After those two attempts, that shark-nosed Porsche never raced again. Instead, the car was stored for decades in the workshop of the man who raced it back in the day, Raymond Boutinaud. But in 2015, he decided it was time to pull the dust cover off of his V8-powered endurance-racing machine so that he could restore it to its former glory. After a two-year nut-and-bolt rebuild, Boutinaud invited us to Paris to be the first to see his refreshed 928. He also wanted to tell us the full, never-before-published story of his historic Porsche.
Boutinaud started building and racing Porsches back in the 1970s. He financed his on-track activity via funds generated through his own garage on the outskirts of Paris where he serviced and modified clients’ road and race cars.

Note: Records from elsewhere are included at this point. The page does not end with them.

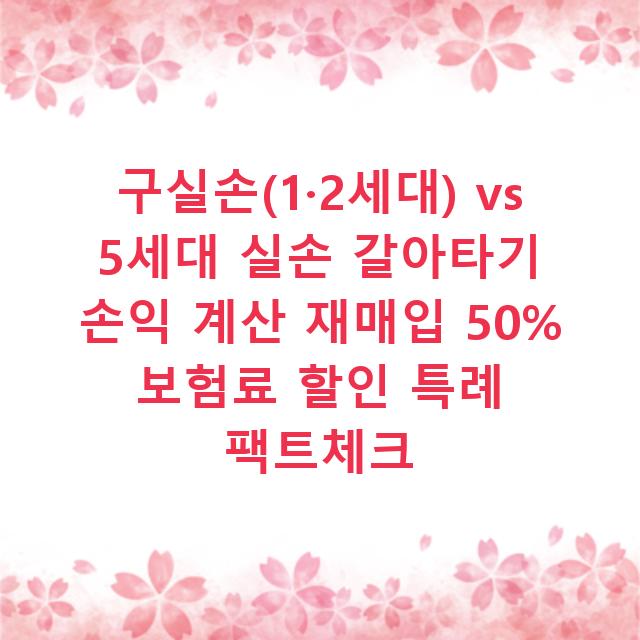 구실손(1·2세대) vs 5세대 실손 갈아타기 손익 계산 재매입 50% 보험료 할인 특례 팩트체크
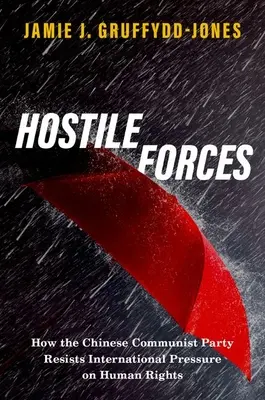 Nepriateľské sily - Ako čínska komunistická strana odoláva medzinárodnému tlaku v oblasti ľudských práv - Hostile Forces - How the Chinese Communist Party Resists International Pressure on Human Rights
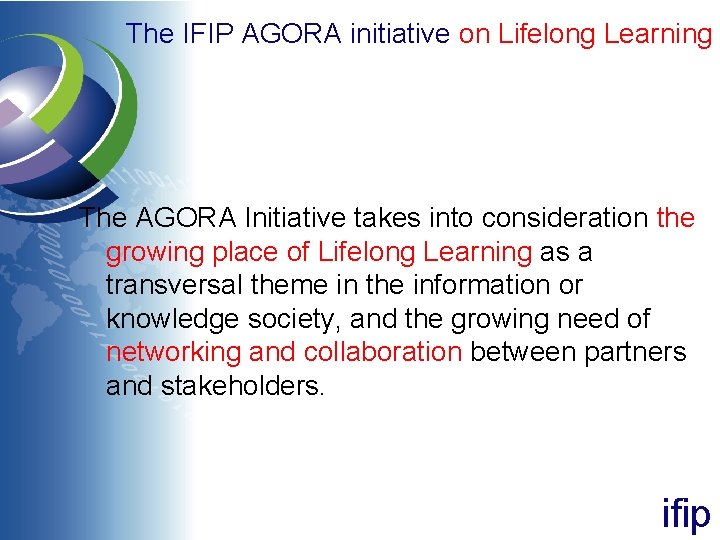 The IFIP AGORA initiative on Lifelong Learning The AGORA Initiative takes into consideration the
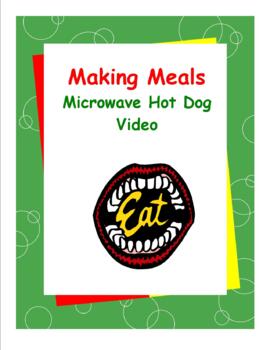 Preview of Making Meals Video - Making Microwave Hot Dogs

In 1982, Boutinaud bought himself a brand-new 928S. He, like most Porsche owners, enjoyed the power and handling his sports car delivered at track days. But he couldn’t help wonder what the 928 would be like if it were made into a fully prepared race car. Stripped of excess weight, tuned, and set up for maximum performance, Boutinaud reckoned that the 928 could make a serious run at the 911s that showed up to Le Mans in droves. Perhaps somewhat surprisingly, the organizers of Le Mans like this idea since it added variety to the starting grid.

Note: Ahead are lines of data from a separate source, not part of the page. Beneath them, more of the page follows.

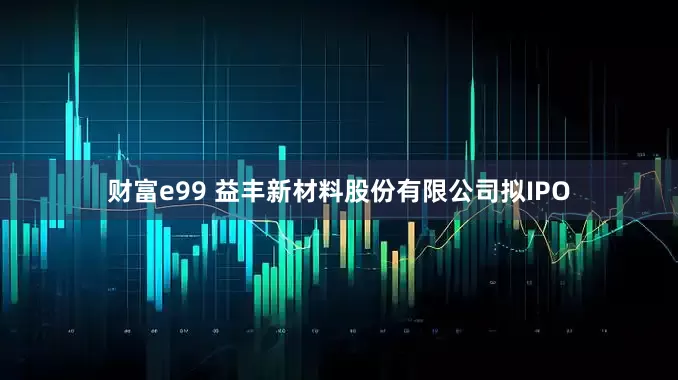 财富e99 益丰新材料股份有限公司拟IPO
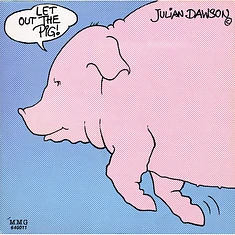 Julian Dawson - Let Out The Pig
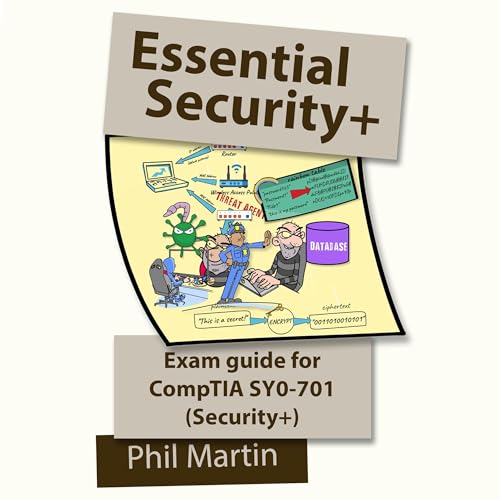 Page de couverture de Essential Security + Exam Guide: For the CompTIA SY0-701 Exam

Porsche’s motorsport department was also keen on the idea of a privateer developing the 928 for competition. Racer and Porsche engineer Jürgen Barth himself became the overseer of the project. When asked today what he recalls about Boutinaud’s Le Mans 928S, Barth says: “We helped a bit at the time with the Le Mans 928 using info we had from the 928 Günter Steckkönig was driving in the VLN (Association of Nürburgring Endurance Cup Organizers) series. But Raymond mainly did it all himself.”
Turning a road car that you could drive to work into an endurance racer did pose some challenges. Porsche had already gotten the 928S homologated for Group B racing in 1982 in hopes that independent racers would run it. Even so, the Automobile Club de l’Ouest organizing entity didn’t give final approval of Boutinaud’s car—delaying the build—until two months before the race in 1983.